# Data block
----------
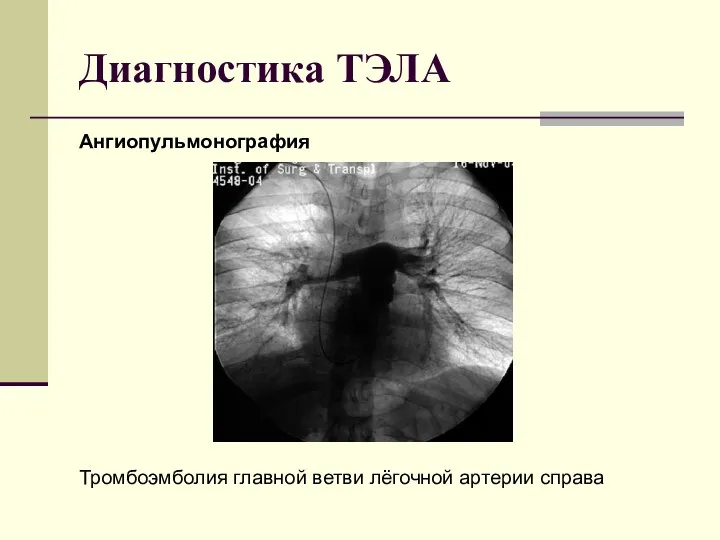 Диагностика ТЭЛА Ангиопульмонография Тромбоэмболия главной ветви лёгочной артерии справа
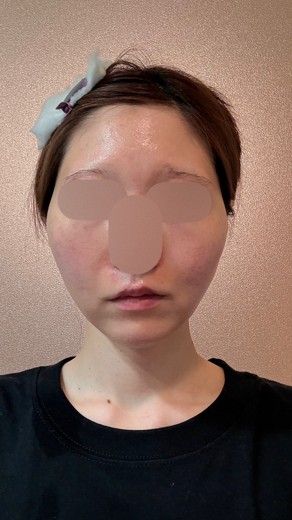 after photo: フラクショナルレーザー, エレクトロポレーション, Qスイッチレーザー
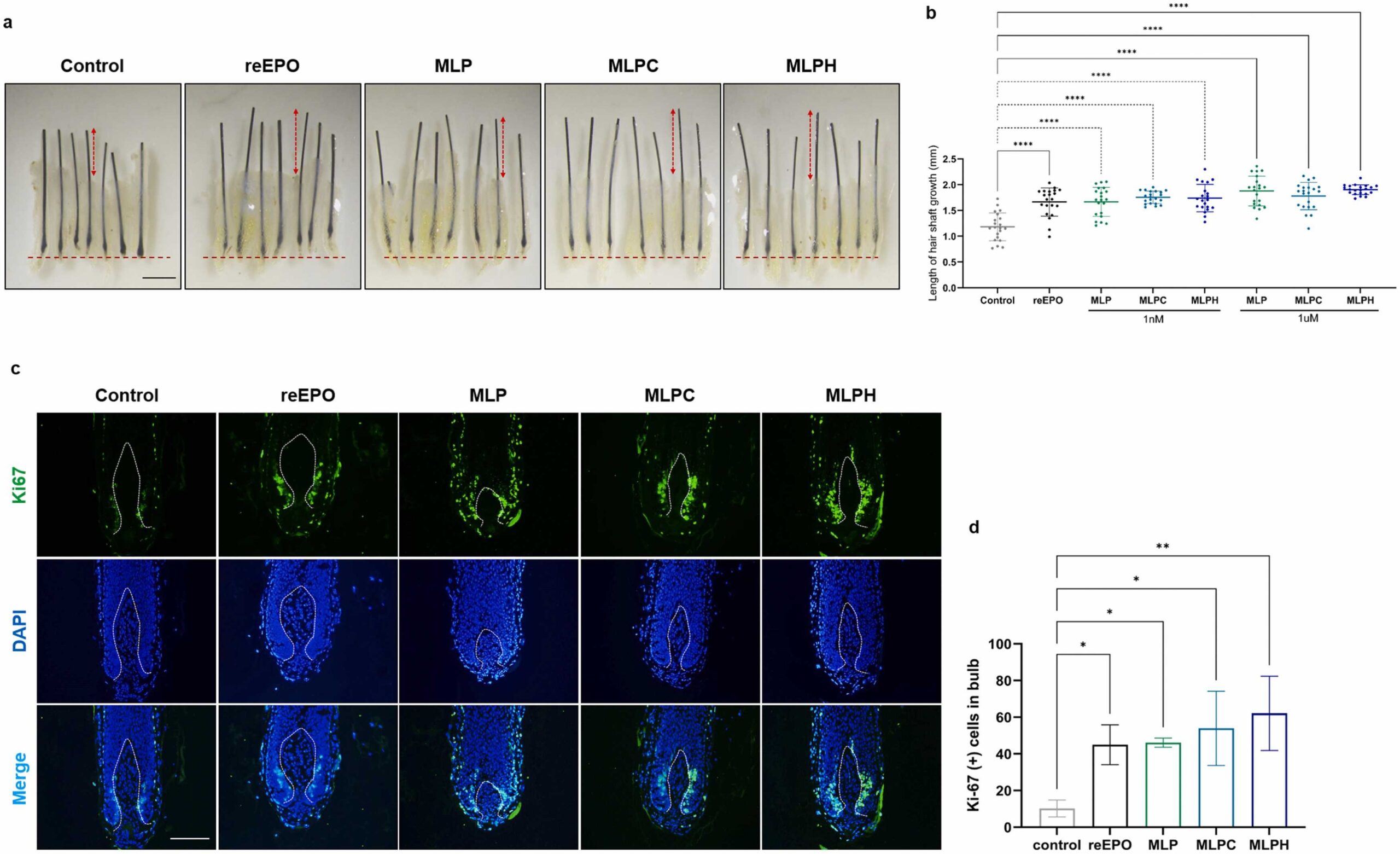 MLP, MLPC and MLPH enhance hair shaft elongation and proliferation in ex vivo human hair follicle cultures.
----------
# Work to complete
Strip out the pictures and quote the remaining data word for word.

# Response for this exercise
 Диагностика ТЭЛА Ангиопульмонография Тромбоэмболия главной ветви лёгочной артерии справа
 after photo: フラクショナルレーザー, エレクトロポレーション, Qスイッチレーザー
 MLP, MLPC and MLPH enhance hair shaft elongation and proliferation in ex vivo human hair follicle cultures.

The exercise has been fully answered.